Before the onset of the pandemic-induced recession, he noted, household balance sheets were in reasonable condition, overall – then they got really healthy, as interest rates were low and Government stimulus measures have boosted savings enough to offset many expenses, Sanborn noted. But now those stimulus payments have dried up and the forbearance programs have come to an end. Real wage growth is actually negative, taking inflation into account.

“All of this inevitably puts pressure on monthly spending,” he said.

So it’s no surprise that chargebacks tend to increase no matter where you look on the FICO spectrum.

The paycheck-to-paycheck designation hits low-income people especially hard. Seventy-nine percent of those who earn less than $50,000 a year live paycheck to paycheck. More than a third struggle to pay their bills. But even among affluent earners, at $100,000 and above, 47% live paycheck to paycheck – and 10% of them struggle to pay their bills. Almost every group struggles with an unexpected expense of $400.

No two cohorts of consumers with exactly the same financial problems are served by the exact same offers. Consider the fact that about 70% of millennials live paycheck to paycheck, up from 63% at the end of December. But the ranks of paycheck-to-paycheck seniors are also rising.

The pressures are markedly different: Millennials can earn more income over time. Seniors, on the other hand, live on a fixed income.

Against this backdrop, millennials’ propensity to buy now, pay later (BNPL) is increasing, Sanborn said, while avoiding credit cards.

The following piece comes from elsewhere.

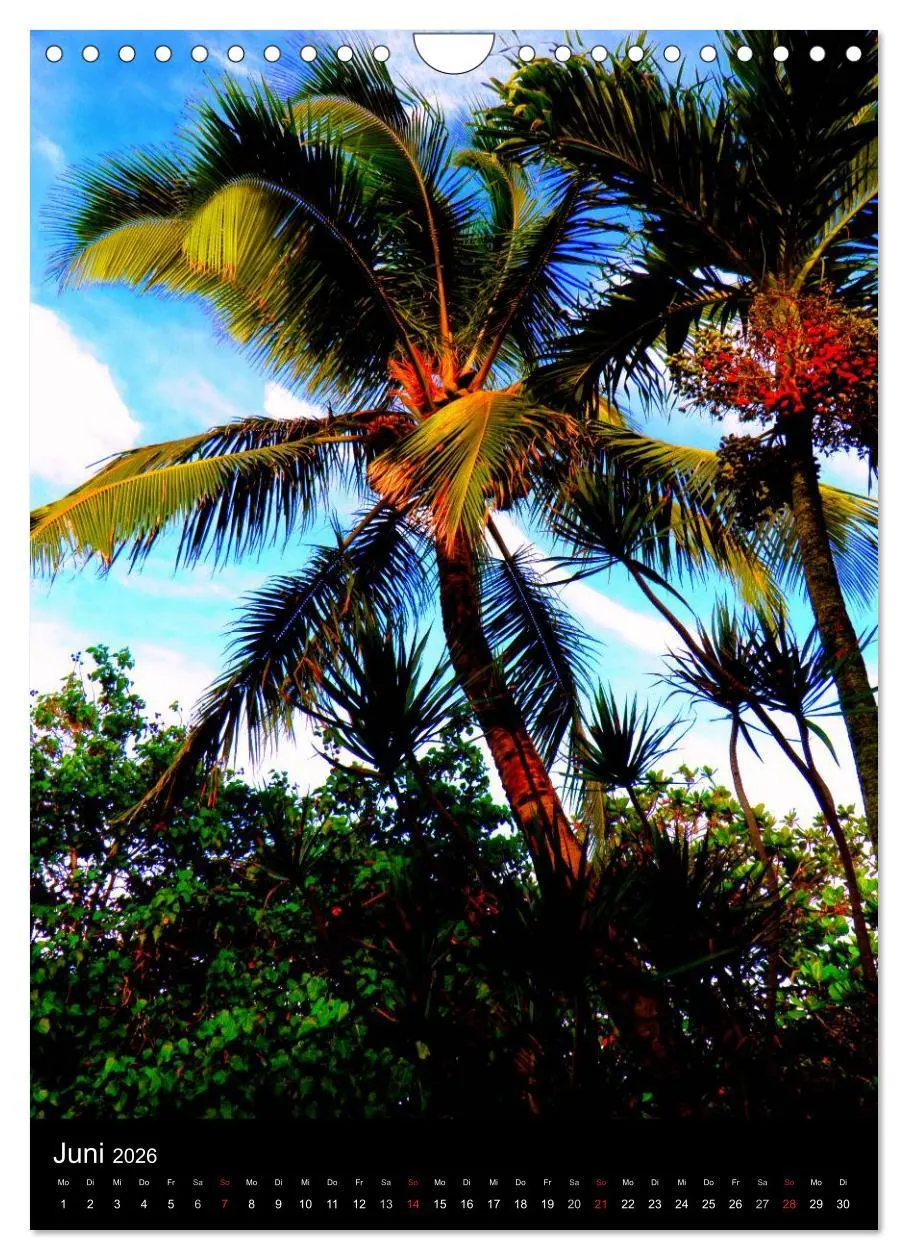 Bild: 9783516486520 | Hawaii (Wandkalender 2026 DIN A4 hoch), CALVENDO Monatskalender | 2026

Seniors must protect themselves against rapidly escalating health care costs.

As Johnson told Webster, “Vendors will need to design solutions and tools specifically designed to help these generations address their ‘generational challenges’.”

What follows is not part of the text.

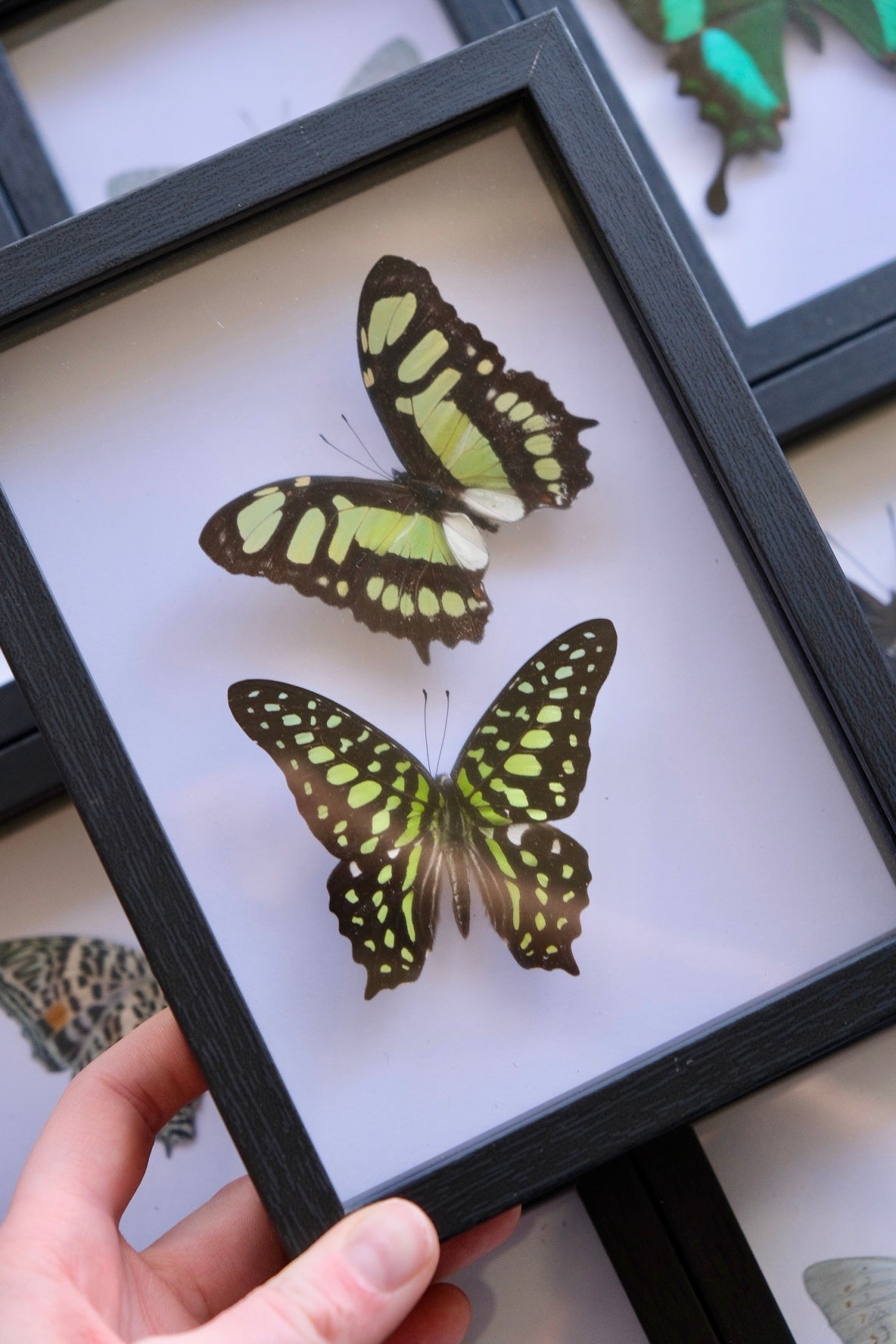 Green Butterfly Duo Frame | Tailed Jay & Malachite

Financial solutions, he said, must help consumers build resilience, giving them options to cover their short-term cash needs – and if they have to resort to credit, to ensure that options are both affordable and transparent, with no financial impact. trajectories in the negative direction.

Great apps on the horizon

The stage is increasingly set for the emergence of a super application. Data from PYMNTS shows that around 30% of consumers want such an app-driven ecosystem because it can help them manage their short- and long-term “in” money flows and “out” money flows. term.

Businesses want to enable a wide range of business activities, offer a wealth of lending options, and enable payments across it all. Consumers, on the other hand, want apps that help them improve their financial health. Payments can be a bridge to all of this, with a bit of aggregate data at your fingertips – after all, you can’t spend unless you know what you can spend.

Fortunately, we’re a long way from the early days of aggregators, Sanborn said, where early FinTechs connected bank accounts, investment accounts and savings accounts. Consumers could see all of their activity in one place, but nothing was truly actionable without a preview.

As Sanborn noted, insight is what gives the service provider (LendingClub, for example) the power to help consumers gain greater insight into discretionary versus non-discretionary spending, to see what consumers can buy monthly without going into over-indebtedness.

“Not in a way that stresses you out,” he said, “but in a way that makes your choices deliberate.”